::: Supplied material
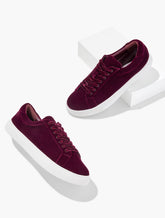 RICH BURGUNDY AUBREY VELVET SNEAKERS | Talbots online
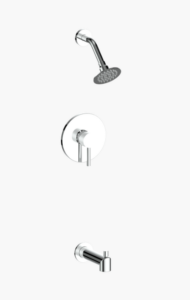 Vogt – garniture WORGL pour kit de douche PB à 1 voie - chrome (La valve VE.110 est requise)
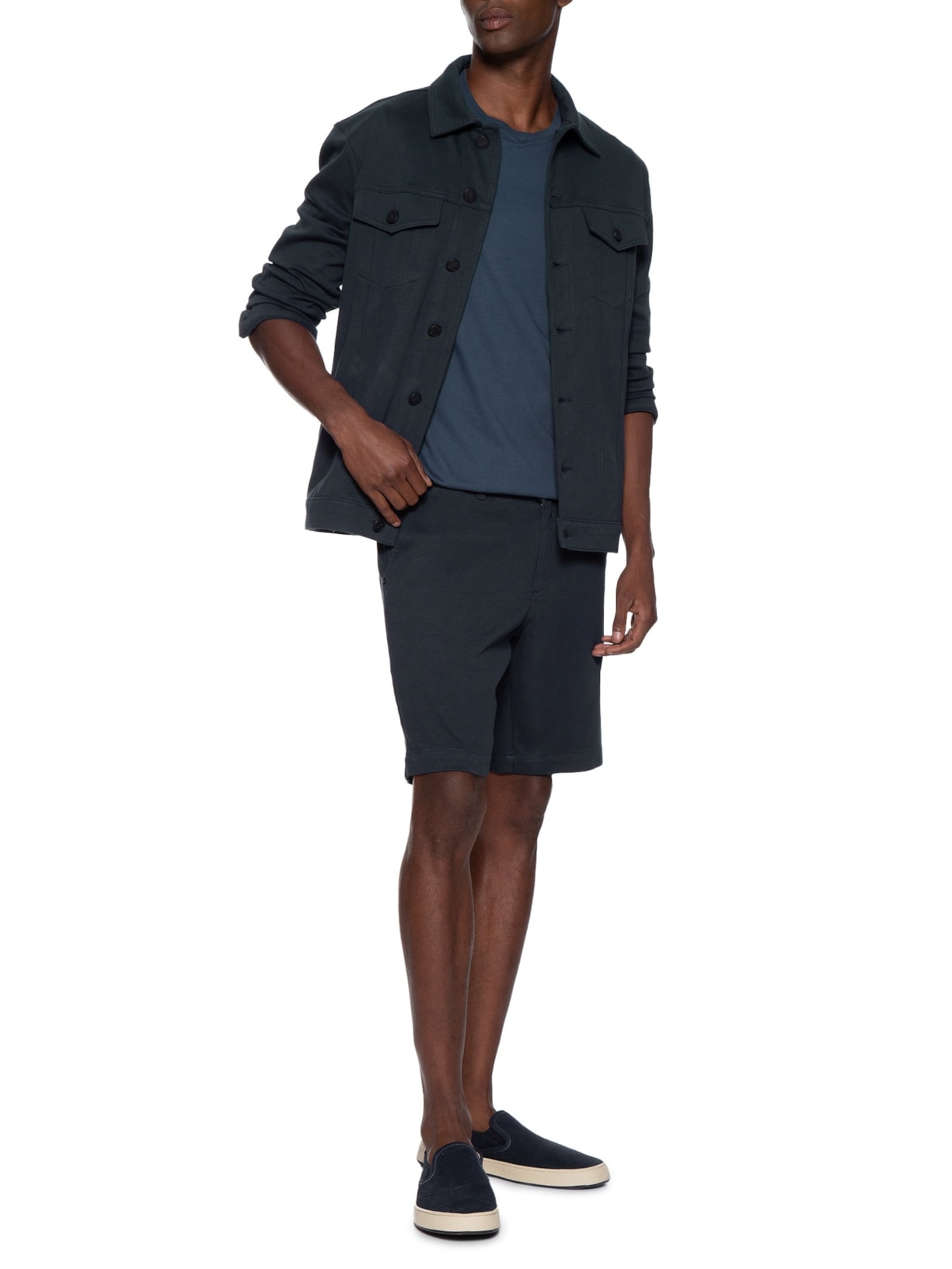 Jaqueta Masculina 247 Azul Oficina Reserva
::::::
• _Your assignment_
With the pictures excluded, retype exactly the lines from the one containing "Vogt – garniture" through the last line of the listing, both ends included.

• _Expected answer_
 Vogt – garniture WORGL pour kit de douche PB à 1 voie - chrome (La valve VE.110 est requise)
 Jaqueta Masculina 247 Azul Oficina Reserva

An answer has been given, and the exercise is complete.